I've flown around the world in a plane
I've settled revolutions in Spain
The North Pole I have charted
Still I can't started with you…

僕は飛行機で世界中を飛び回り スペインでは革命を鎮圧
北極点も特定したのに 君とは何も始まらない
ゴルフをやればアンダー・パー MGMからは出演依頼
屋敷もあるし劇場も持っている なのに君のそばには居場所がない…
その上、世界恐慌はうまく切り抜け、グレタ・ガルボからお茶に招待されたり、ルーズヴェルト大統領から意見を求められ、英国王室に招待されたり…と自慢する。憎めない、ほら吹き男である(笑)。でも「君の前に来ると話しかけることさえできなくなる」。アイラ・ガーシュウィンという作詞家は実にお茶目である。
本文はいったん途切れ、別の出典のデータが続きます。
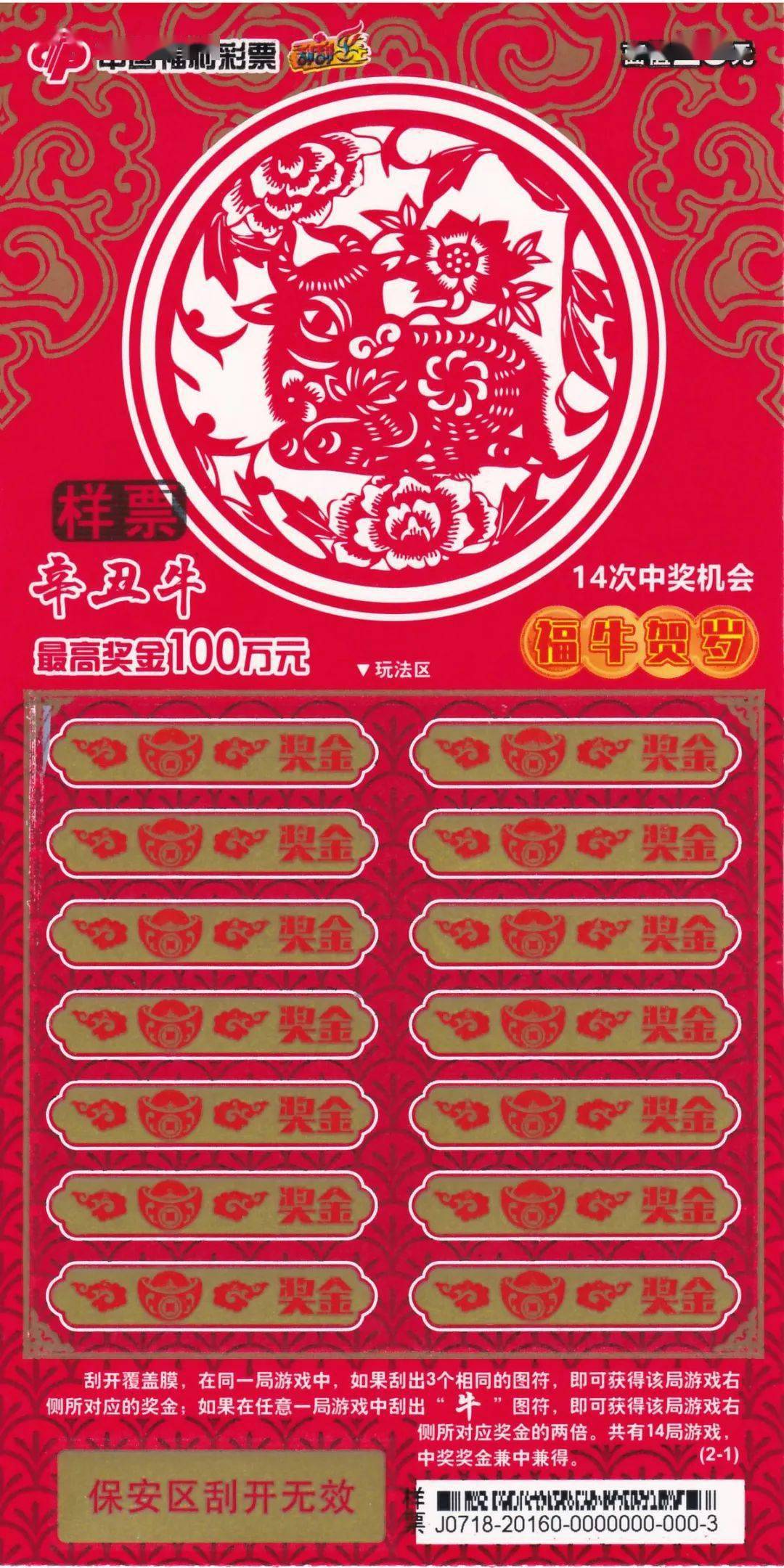 王中王論壇一平特一肖，深度解析與SEO優(yōu)化策略，王中王論壇一平特一肖深度解析與SEO優(yōu)化策略探討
フランク・シナトラの場合は、さらに、IBMがブレーンに欲しがるだとか、天下のデザイナーも俺のスタイルを真似するだとか、言いたい放題だ(笑)。だけども「君は僕に目もくれない」と嘆くのである(こちら)。ヴァースからじっくり歌うが、このゴードン・ジェンキンスのアレンジと伴奏はこよなく美しい。


(Frank Sinatra/No One Cares)
この曲、邦題が『言いだしかねて』というロマンティックで語呂もいいタイトルとして知られるが、どっこい、主人公の「僕」がこれだけホラを吹いていて、この邦題はないだろうと思う(笑)。あの手この手、口八丁手八丁で告白するのだが、まったく相手にされず、結局フラれてしまうという歌なのだ。君への想いを「言いだしかねて」いる純情な男の物語ではなく、「俺ってこんなにもすごいんだぜ」と自慢をしながらも彼女から無視されるという、哀れな男の歌なのだ。つまり、「君への想いを言いだせない」のではなく「君にはお手上げだ」という意味なのである。

いろいろな歌手が、歌詞を変えて歌っているので、聴き比べるのも楽しいが、女性歌手の場合は「性転換」して歌うのが普通(笑)。女優・モデルとしても有名なシビル・シェパードが、スタン・ゲッツと共演したアルバム(76年)の中では、「二度もミス・アメリカになっているほどの私なのに、さっぱり振り向いてくれないの」と嘆いているのが可笑しい(こちら)。


(Cybill Shepherd/Mad About The Boy)

大時代的な内容だけれど、なかなか面白い歌だ。